BTW, I've never found a reliable source for good Mexican chorizo (which, to my knowledge, is always a fresh sausage, i.e., neither cooked nor cured). If I want it, I make it myself. Interestingly, decent Filipino-style chorizo (albeit a little fattier than I like) is pretty easy to find here.
 
That's a very good anology comparing the texture to pepperoni but the flavor is very different. I would disagree with your statement that it isn't that good in most recipes. I have been experimenting with it and found it to work well in a number of dishes and that is why I started this thread to find other fun uses for for it.

JDP
 
it`s not very Chefy but I like it sliced in cheese mac, or slice up a load of it then deep fat fry it until it`s crispy, let it cool on kitchen paper to get excess fat off then put it in a paper bag to eat while watching the TV, probably not very healthy, but certainly tasty :)
 
Every one to his own.
Good Spanish Chorizo is delicious sliced thin and served with olives, a glass of Rioja and a slice or three of Manchego.

You could, however, be adventurous and make a paella using chicken and chorizo instead of seafood.

Take a large chunk, chop it`up into rough cubes, fry gently with plenty of olive oil and garlic, then blend it to a paste and use it to stuff mushrooms, or small cherry tomatoes.

Find several chorizos ( if you can find one, there's a "Chorizo Gallego" which is smoked - mmmmm), chop them into thick pieces then make a stew with them, garbanzo beans, tomatoes, peppers, chunks of chicken.

Traditionally, the Madrileños make something called " Cocido Madrileño" which is a sort of boiled dish including potatoes, cabbage, chorizo, skirt of beef and garbanzo beans.

Chop some up fine in your next " Salsa 4 Quesos" ...
 
When I was a little girl and stayed with my "Abuelita" chorizo was a common breakfast meat along with eggs.It was also used as a common base ingriedient much as bacon would be used to flavor things like potatoes and chicken and fish dishes.
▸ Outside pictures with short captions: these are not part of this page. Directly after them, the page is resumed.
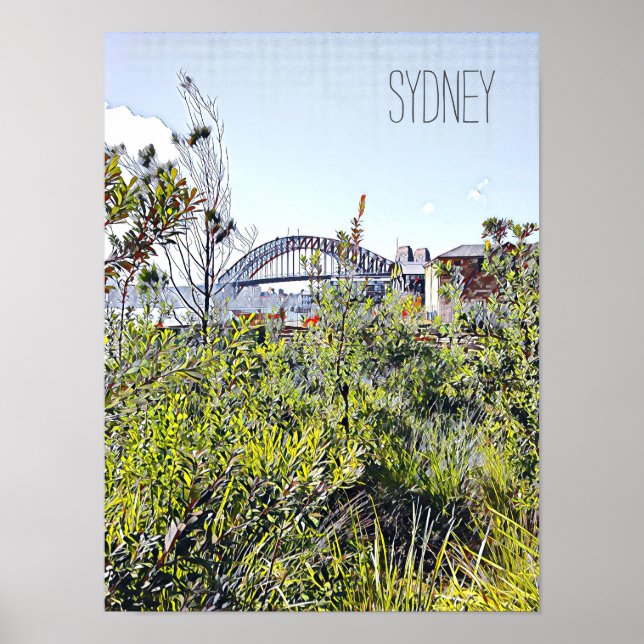 Poster Ponte Sydney Harbor com plantas nativas (Frente)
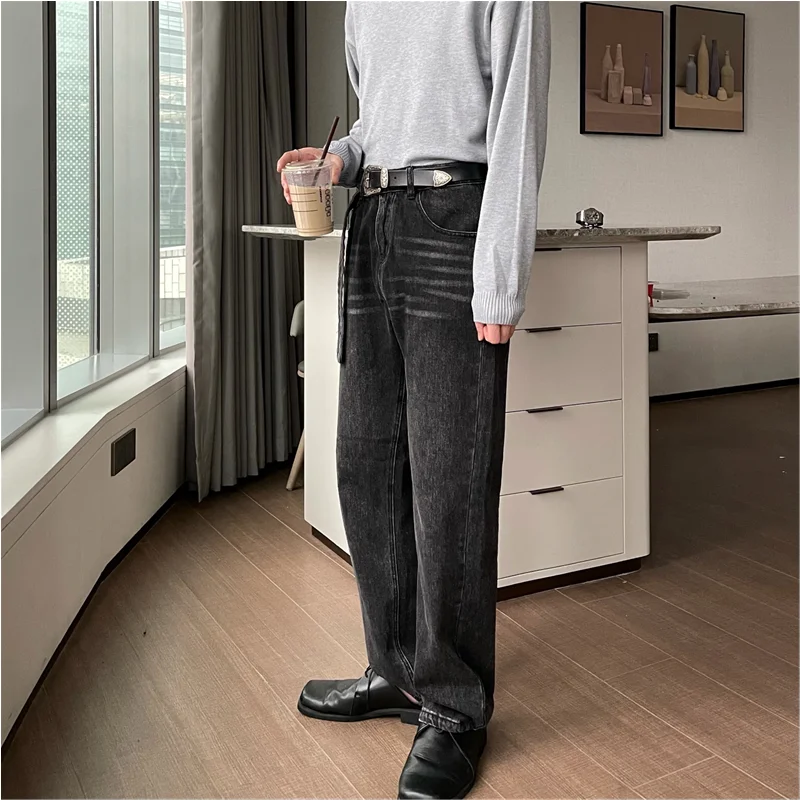 Streetwear Men 2022 New Vintage Recreational Comfortable Grey Jeans Loose Temperament Versatile Wide Leg Trousers Autumn Female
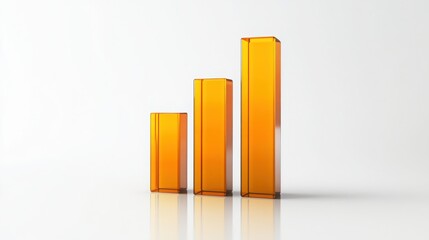 Amber Glass Bars Ascending Graph Growth Success Modern Minimalist Design 3D Render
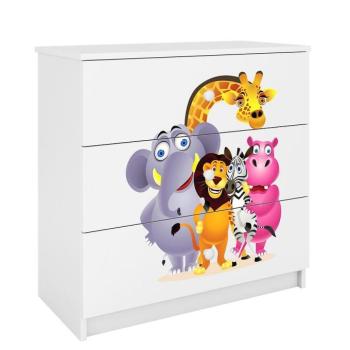 Komód gyermek számára Babydreams fehér – Zoo kép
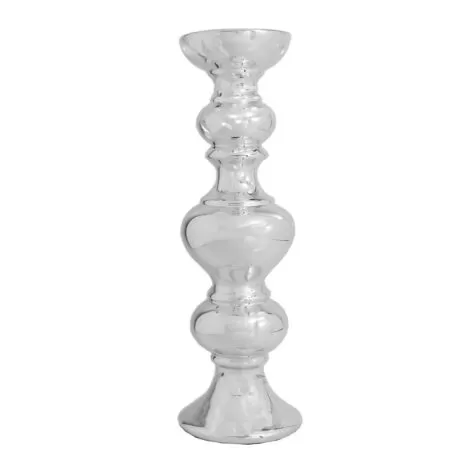 Aluguel de Candelabro Prateado de Cerâmica 31cm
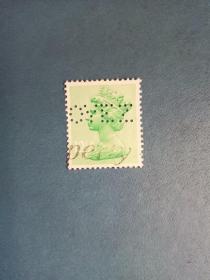 外国邮票   英国邮票  伊莉莎白女王  打孔（ 信销票 ）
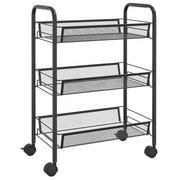 Carrello da Cucina con 3 Ripiani Nero 46x26x64 cm in Ferro CFW1170992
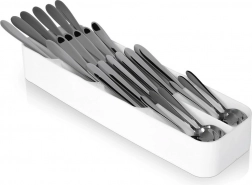 Hvid indsats-organizer til bestik til skuffe 39 × 11,5 cm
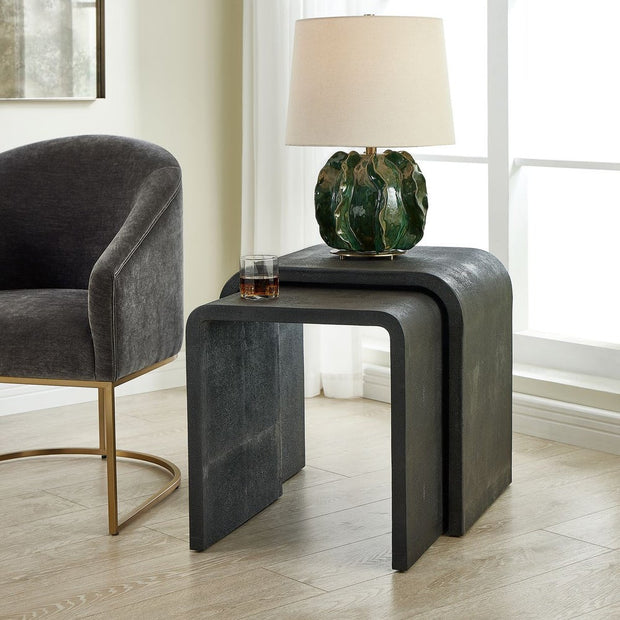 Uttermost Interpose Gray Shagreen Set of 2 Nesting Side Tables
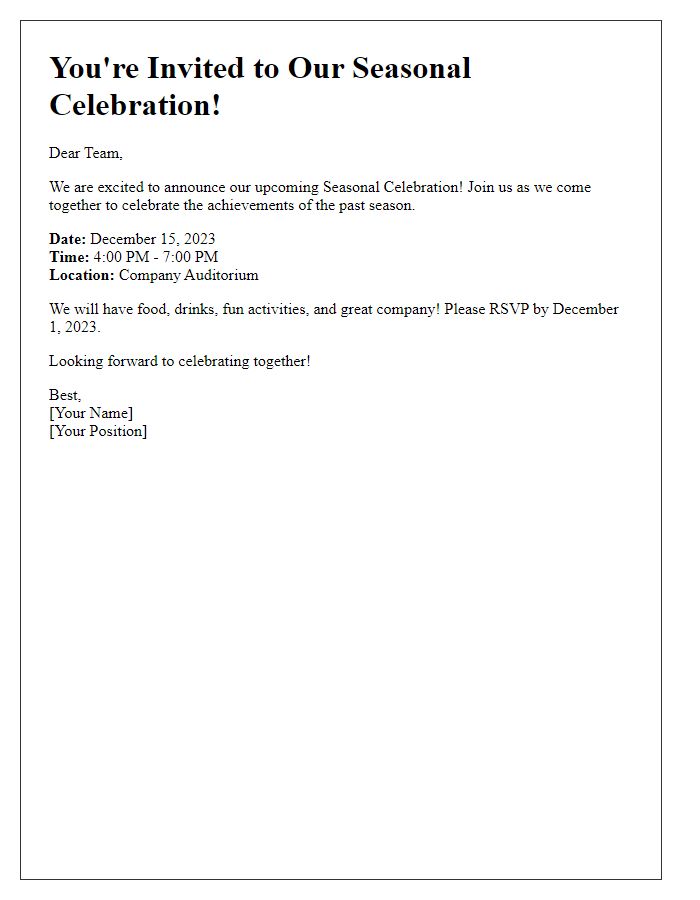 Letter template of seasonal celebration invitation for team members.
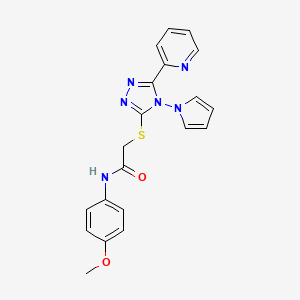 molecular formula C20H18N6O2S B2867326 N-(4-methoxyphenyl)-2-{[5-(pyridin-2-yl)-4-(1H-pyrrol-1-yl)-4H-1,2,4-triazol-3-yl]sulfanyl}acetamide CAS No. 886937-28-6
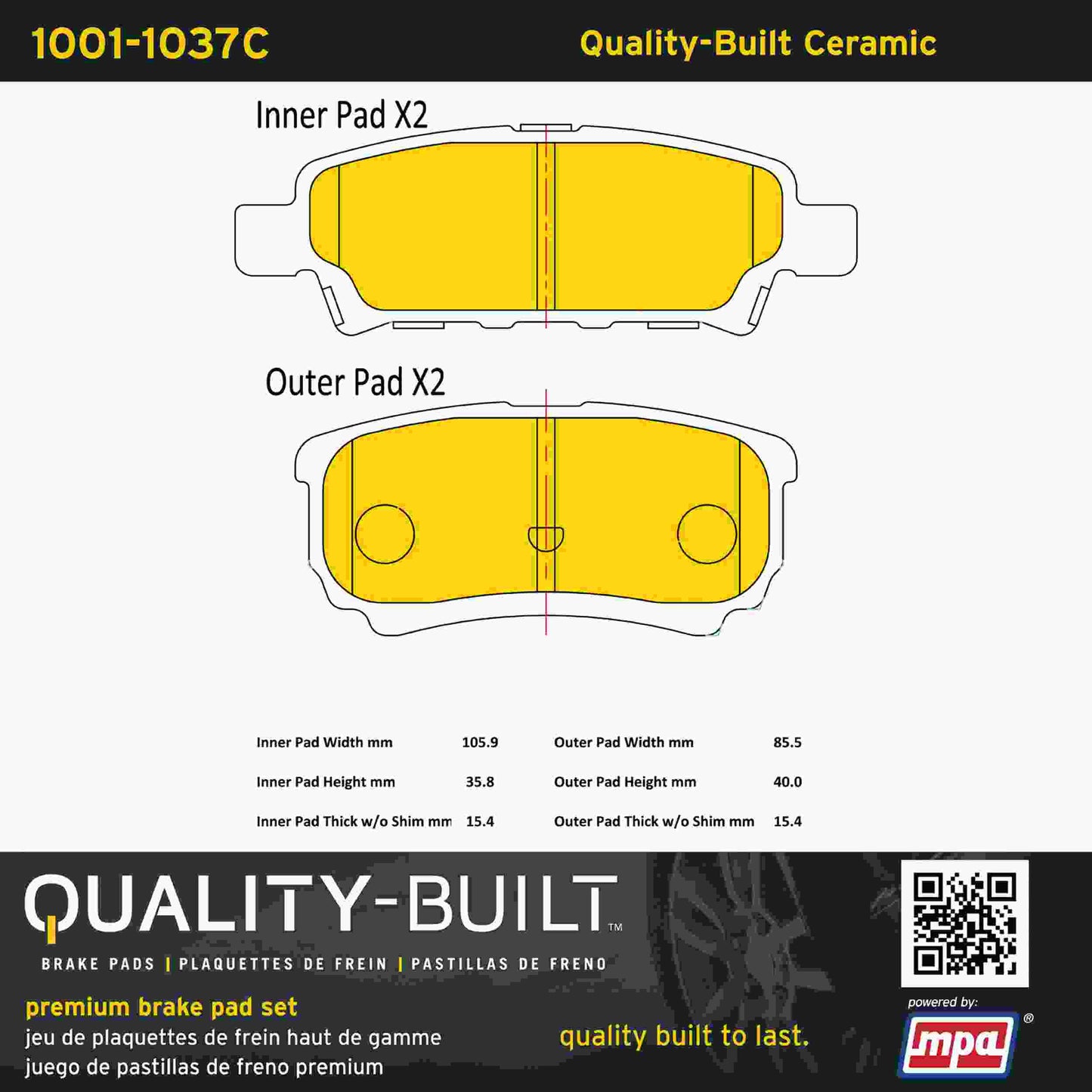 Quality-Built Quality-Built Premium Ceramic Brake Pads w/ Hardware 1001-1037C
I had used it in recipes where andouille sausage was called for - when andouille wasn't so ready available in our area.Just the aroma of frying chorizo brings back wonderful memories of my grandmother and her kitchen!!Thanks for this post for bringing all those wonderful memories this time of year!!Merry Christmas or should I say Feliz Navidad ;) Love and energy, Vicki
 
I know I'm just beating a dead horse here, but the difference between Spanish and Mexican chorizo are as follows:

Spanish - dry, cured, pepperoni-like in that it can be eaten out of hand.
Mexican - bulk, wet, fresh ground pork-like. Must be cooked.

They cannot be used interchangably, but can be used in the same recipes - typically egg based - with different results.

When I lived in Spain, chorizo was a wonderful tapa as Clive allude to in his post. I also used to buy it to mix with scrambled eggs or render the chorizo and cook eggs in the paprika flavored fat.

They both have their uses and are wonderful in their own rights. But DON'T get them confused.